Engineering Applications of Artificial Intelligence (Vol. 134) / 31 May 2024
Wheel odometry model calibration with neural network-based weighting
The online self-calibration is a required capability from an autonomous vehicle that should operate lifelong in a safe manner. This paper introduces relative weighting by a neural network into the batch Gauss–Newton calibration method of the wheel odometry model. A wheel odometry model with accurately estimated parameters could improve the motion estimation task of an autonomous vehicle, but the online parameter identification from only onboard measurements is a challenge due to the noises and the nonlinear behavior of the dynamic system. A possible solution to deal with the effect of noises is to calibrate the model with more segments at once forming a batch, but this can only reduce the distortion effect, not eliminate it. Our proposed algorithm improves this batch formulation by integrating relative weights for the segments to mitigate the distorting effect of noisy measurements.
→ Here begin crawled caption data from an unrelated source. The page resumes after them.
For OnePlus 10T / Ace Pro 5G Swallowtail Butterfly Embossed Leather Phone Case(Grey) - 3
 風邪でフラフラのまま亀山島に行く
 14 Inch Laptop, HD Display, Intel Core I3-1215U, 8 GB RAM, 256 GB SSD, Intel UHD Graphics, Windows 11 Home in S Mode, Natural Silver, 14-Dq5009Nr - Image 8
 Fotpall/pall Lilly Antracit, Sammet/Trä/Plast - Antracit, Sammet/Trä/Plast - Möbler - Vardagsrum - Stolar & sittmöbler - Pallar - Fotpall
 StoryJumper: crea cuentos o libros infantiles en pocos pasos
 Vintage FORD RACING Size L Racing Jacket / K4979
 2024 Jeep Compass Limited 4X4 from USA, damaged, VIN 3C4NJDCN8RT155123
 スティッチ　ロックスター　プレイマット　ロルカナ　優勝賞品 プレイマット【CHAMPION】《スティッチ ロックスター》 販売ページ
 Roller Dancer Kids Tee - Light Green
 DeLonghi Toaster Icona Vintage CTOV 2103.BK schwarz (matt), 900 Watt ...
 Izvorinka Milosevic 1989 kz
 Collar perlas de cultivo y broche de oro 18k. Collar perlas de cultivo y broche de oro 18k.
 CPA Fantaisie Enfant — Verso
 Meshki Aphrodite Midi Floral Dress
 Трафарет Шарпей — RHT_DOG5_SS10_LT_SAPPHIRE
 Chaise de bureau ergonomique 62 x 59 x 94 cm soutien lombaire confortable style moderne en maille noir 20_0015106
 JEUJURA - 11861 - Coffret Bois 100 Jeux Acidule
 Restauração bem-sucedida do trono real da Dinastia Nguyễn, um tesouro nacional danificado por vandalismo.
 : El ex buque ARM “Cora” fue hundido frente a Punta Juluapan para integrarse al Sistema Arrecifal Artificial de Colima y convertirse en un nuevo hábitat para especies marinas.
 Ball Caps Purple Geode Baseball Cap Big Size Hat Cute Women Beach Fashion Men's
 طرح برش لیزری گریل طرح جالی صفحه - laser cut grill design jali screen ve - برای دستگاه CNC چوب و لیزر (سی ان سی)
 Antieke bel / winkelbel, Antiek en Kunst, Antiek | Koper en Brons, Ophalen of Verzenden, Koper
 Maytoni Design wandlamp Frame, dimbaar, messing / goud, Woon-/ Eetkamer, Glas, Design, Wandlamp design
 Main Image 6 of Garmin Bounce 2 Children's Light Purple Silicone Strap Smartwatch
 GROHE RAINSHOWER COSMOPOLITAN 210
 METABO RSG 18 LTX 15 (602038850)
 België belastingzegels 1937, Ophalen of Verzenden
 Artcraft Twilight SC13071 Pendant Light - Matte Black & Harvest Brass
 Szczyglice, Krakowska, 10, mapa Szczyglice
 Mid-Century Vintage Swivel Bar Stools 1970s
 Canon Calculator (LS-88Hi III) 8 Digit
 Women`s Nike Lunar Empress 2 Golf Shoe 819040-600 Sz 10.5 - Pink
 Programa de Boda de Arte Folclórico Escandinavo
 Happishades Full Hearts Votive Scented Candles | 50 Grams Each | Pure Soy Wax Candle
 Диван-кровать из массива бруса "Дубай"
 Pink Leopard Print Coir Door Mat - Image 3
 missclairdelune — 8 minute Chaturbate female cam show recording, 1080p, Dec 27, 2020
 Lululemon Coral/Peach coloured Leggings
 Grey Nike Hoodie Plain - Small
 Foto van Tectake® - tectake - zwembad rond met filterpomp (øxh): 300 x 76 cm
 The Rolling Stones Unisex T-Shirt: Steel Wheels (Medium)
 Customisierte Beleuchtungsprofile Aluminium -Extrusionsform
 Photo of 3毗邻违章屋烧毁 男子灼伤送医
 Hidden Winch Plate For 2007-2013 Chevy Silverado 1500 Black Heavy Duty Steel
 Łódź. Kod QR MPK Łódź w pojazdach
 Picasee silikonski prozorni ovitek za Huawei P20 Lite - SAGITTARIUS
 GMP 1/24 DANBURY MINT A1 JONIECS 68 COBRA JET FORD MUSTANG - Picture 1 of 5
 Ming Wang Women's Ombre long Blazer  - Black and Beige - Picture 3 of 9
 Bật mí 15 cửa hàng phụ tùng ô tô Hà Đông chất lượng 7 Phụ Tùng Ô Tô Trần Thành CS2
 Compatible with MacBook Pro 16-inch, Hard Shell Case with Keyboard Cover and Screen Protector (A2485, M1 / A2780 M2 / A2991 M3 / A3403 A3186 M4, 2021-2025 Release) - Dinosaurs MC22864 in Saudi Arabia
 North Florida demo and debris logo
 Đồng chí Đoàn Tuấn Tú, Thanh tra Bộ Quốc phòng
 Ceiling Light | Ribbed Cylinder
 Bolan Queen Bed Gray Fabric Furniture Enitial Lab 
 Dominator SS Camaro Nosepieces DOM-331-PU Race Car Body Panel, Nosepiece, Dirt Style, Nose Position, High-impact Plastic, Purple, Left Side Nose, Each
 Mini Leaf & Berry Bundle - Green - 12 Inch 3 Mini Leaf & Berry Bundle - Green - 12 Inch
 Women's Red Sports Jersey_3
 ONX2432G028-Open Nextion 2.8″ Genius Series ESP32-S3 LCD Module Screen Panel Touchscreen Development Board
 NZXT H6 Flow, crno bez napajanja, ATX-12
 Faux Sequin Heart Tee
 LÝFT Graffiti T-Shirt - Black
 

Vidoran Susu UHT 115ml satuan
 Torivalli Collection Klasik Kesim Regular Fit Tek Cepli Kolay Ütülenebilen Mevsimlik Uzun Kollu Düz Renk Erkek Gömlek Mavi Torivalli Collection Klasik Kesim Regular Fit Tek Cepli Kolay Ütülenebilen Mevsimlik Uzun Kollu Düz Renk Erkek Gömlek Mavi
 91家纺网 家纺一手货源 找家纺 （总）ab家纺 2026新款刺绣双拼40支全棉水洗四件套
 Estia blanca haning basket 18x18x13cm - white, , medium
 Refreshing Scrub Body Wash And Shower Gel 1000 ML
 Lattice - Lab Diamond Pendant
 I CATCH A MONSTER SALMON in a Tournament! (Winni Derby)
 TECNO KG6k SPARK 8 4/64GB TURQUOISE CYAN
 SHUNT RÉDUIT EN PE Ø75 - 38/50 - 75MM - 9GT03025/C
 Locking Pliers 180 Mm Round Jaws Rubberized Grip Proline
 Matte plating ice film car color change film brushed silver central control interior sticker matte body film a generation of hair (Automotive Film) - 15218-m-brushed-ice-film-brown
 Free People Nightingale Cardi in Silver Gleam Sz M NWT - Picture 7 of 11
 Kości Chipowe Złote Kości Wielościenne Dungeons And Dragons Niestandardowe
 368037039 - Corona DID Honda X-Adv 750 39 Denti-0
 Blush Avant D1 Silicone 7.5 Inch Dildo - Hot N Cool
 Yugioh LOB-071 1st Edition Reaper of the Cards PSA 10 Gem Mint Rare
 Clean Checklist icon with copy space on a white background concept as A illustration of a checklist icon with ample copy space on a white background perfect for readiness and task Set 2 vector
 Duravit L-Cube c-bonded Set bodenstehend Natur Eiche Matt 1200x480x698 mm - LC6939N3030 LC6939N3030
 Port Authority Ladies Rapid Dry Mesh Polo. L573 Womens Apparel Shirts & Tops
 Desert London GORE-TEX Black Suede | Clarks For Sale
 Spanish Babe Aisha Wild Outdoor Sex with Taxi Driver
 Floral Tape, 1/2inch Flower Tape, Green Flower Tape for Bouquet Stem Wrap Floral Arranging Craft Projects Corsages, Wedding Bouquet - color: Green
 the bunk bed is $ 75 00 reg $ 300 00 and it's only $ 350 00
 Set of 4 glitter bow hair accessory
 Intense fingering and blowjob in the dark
The method applies an AI-based tool to extract a proper weighting strategy from the previously recorded data that utilizes only online signals during operation. With the usage of the proposed architecture, the calibration accuracy significantly increased with the reduction of the distortion effect of faulty measurements, while the same amount of data is used as the raw batch estimation. The performance of the method is demonstrated with real measurements in a city driving with a passenger vehicle, where the calibration signals come from the equipped automotive-grade type of Global Navigation Satellite System and Inertial Measurement Unit.